Sources within UMNO told the Nikkei Asian Review that party members had expressed unhappiness with Muhyiddin's government after the July conviction of former premier Najib Razak in the multibillion-dollar corruption case relating to the 1Malaysia Development Berhad government investment fund.
"Some of the MPs who shifted support from Muhyiddin also have ongoing cases in court," said one source, who asked not to be named as the information is private.
"They feel that if they remain silent, they would face the same fate as Najib," this person said. Najib was sentenced to 12 years in prison on seven counts of money laundering and abuse of power.
Anwar has said on Wednesday he commands a "formidable, strong and convincing" parliamentary majority to become Malaysia's ninth prime minister -- a position that he has sought for the past 22 years as a successor whose time never came.
The source said that "our [UMNO] president [Ahmad Zahid Hamidi] is very cautious in making sure that he can secure his political future, and Anwar can be a savior."
The 67-year-old Ahmad Zahid faces 87 criminal charges for various counts of corruption, money laundering and misuse of power. Besides Najib and Ahmad Zahid, at least five more UMNO lawmakers stand accused of various corruption charges in courts nationwide.
Local news website The Coverage reports that Ahmad Zahid and Najib are among 19 UMNO lawmakers who signed statutory declarations to support Anwar, turning their back on Muhyiddin.
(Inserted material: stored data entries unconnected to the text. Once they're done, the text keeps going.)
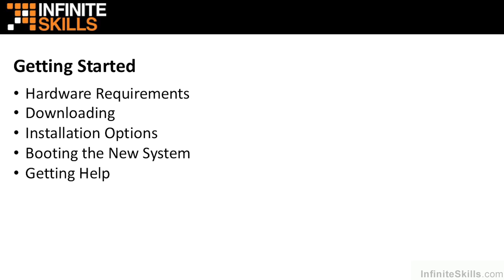I've got a section called Getting Started, which talks about creating bootable media from the Windows and Mac platforms. I talk about hardware requirements, and I go into installing and booting the Linux Mint operating system.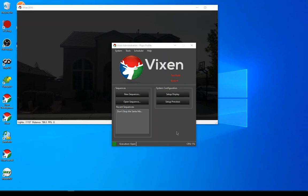Hello, this video is to demonstrate a new feature that's going to be in Vixen 3.6 update 1. This addresses some of the long-standing need for better ways to be able to share sequences in Vixen with other users.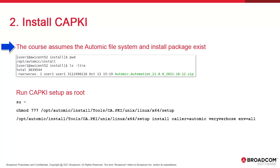We sudo or login as root. Change the mode and ownership if you run into permission issues. We install CAPKI from the tools directory of the install package. It has its own directory. Setup is found in /unix/linux/x64. It requires a number of options. The caller is an arbitrary name, verbosity can be set, and env equals all will set environment variables for all users in the system.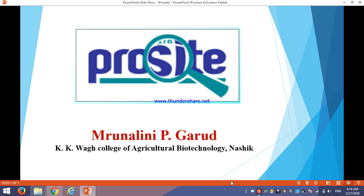Hello everyone, I am Mrunalini Garud from KKW College of Agricultural Biotechnology, Nasik Maharashtra. Today, we will discuss in this video one of the bioinformatics tools, that is PROSITE. How to use it? We will discuss in this video.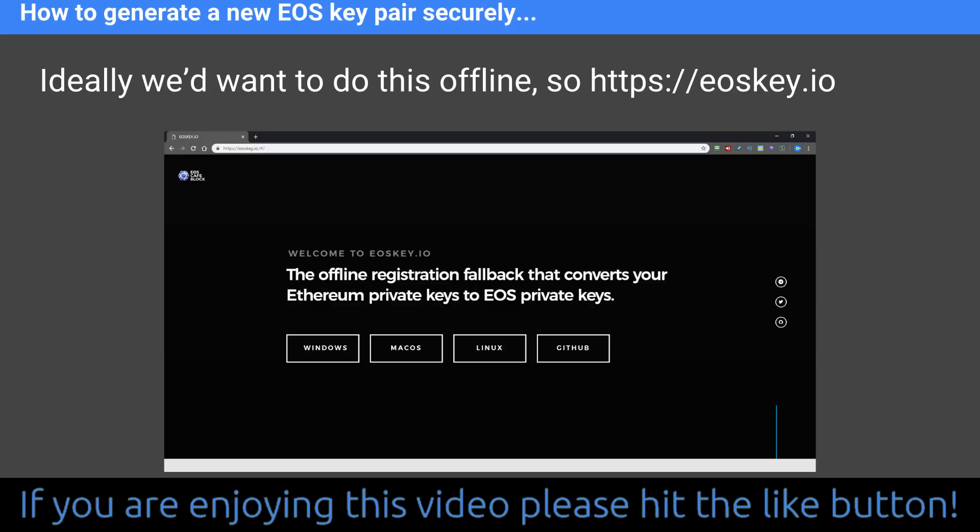So how to generate a new EOS key pair securely? Ideally, we want to do this offline, on our own computers. That's where this piece of software comes in, created by EOS Cafe Block. You go to EOSkey.io and download this application that runs on your local computer. If you want to be super paranoid about it, download it and then disconnect your internet connection while you generate the new keys. So this is an offline key generation tool.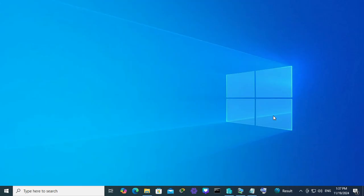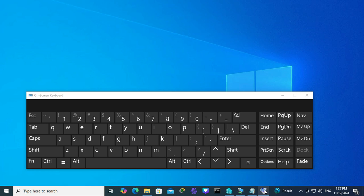And look, you will find the on-screen keyboard always on your taskbar. Just click on the on-screen keyboard here and look, the on-screen keyboard has been opened.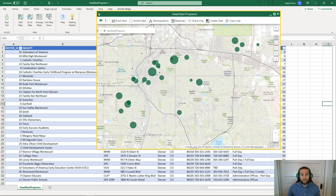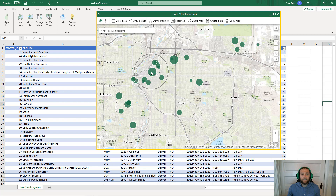What we're looking at here is something called Graduated Symbols, where each individual facility is being represented by a symbol of varying size. The symbols that are smaller represent facilities with a lower enrollment count, and the symbols that are larger represent facilities with a higher enrollment count. We have just learned how to map and visualize our data by using the ArcGIS Maps for Office add-in in Microsoft Excel. Thanks for watching.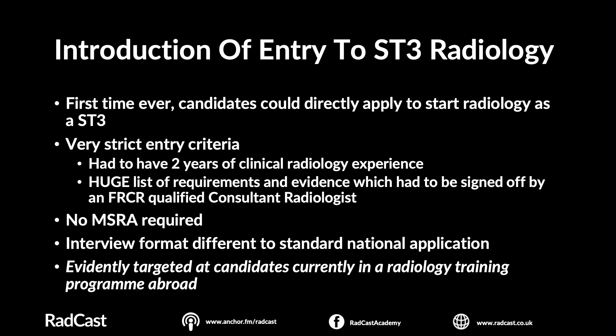The criteria for ST3 entry was super strict — when we reviewed it, it was clearly aimed at a specific cohort: candidates already in radiology training abroad. You had to be signed off by an FRCR-qualified consultant radiologist and provide your reporting numbers. The interview format was different — they'd ask scenario questions like: you're the ST3 radiology reg, you get an on-call scan, how would you escalate? Basically, if you'd never set foot in a department, you'd be absolutely shafted. It was a portfolio scoring plus interview — no MSRA involved, indicating this was targeted at those already deeply embedded in radiology.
Neither the duo nor the 17 others named have denied the report.
Ei Sun Oh, a senior fellow at the Singapore Institute of International Affairs, said members of Ahmad Zahid's faction may be looking to see which side -- Muhyiddin or Anwar -- is willing to provide more favorable treatment in terms of posts, immunity and other benefits.
"This type of political support is typically not due to an ideological change of heart, but more likely to whichever side is giving a better offer," he said. "Anwar must have given better political offers to those who are willing to support him."
Malaysia's federal constitution stipulates the separation of powers between the executive, judiciary and legislative branches of government. Both the executive and legislative are headed by the prime minister while the judiciary is led by the chief justice. Although deemed independent, the budget of the judiciary branch is decided by the Legal Affairs Division of the Prime Minister's Office.
At last count, the Muhyiddin-led National Alliance had the support of 114 members of parliament, a razor-thin majority compared with the minimum of 112 needed to form a federal government.
Anwar controlled 91 MPs via the Hope Pact, comprising his People's Justice Party, the Democratic Action Party and the National Honest Party. Former premier Mahathir Mohamad controls about 15 MPs among independents and the Sabah Heritage Party.
Anwar was the chosen successor to Mahathir during both of the latter's tenures as prime minister.
Mahathir in 1998 sacked Anwar as his deputy for corruption and sodomy allegations, for which he was jailed from April 1999 to 2004. He was charged again in July 2008 for sodomizing his personal aide and was sentenced to a five-year imprisonment in 2015. Anwar's supporters called both a political vendetta.
Mahathir and Anwar joined hands to defeat the Najib government in the May 2018 elections, after which the Hope Pact defeated the 61-year rule of National Front. Anwar was soon released after the victory on a full pardon by the Malaysian king.
After being the prime minister for 22 months, Mahathir resigned following an internal coup by Muhyiddin-led politicians. Anwar until then was touted as the prime minister-in-waiting. Ties between Mahathir and Anwar have been on a roller-coaster ride ever since.
Muslim-majority Malaysia criminalizes same-sex acts and offenders face caning and up to 20 years in prison. Anwar has also been perceived as liberal among some conservative Muslims.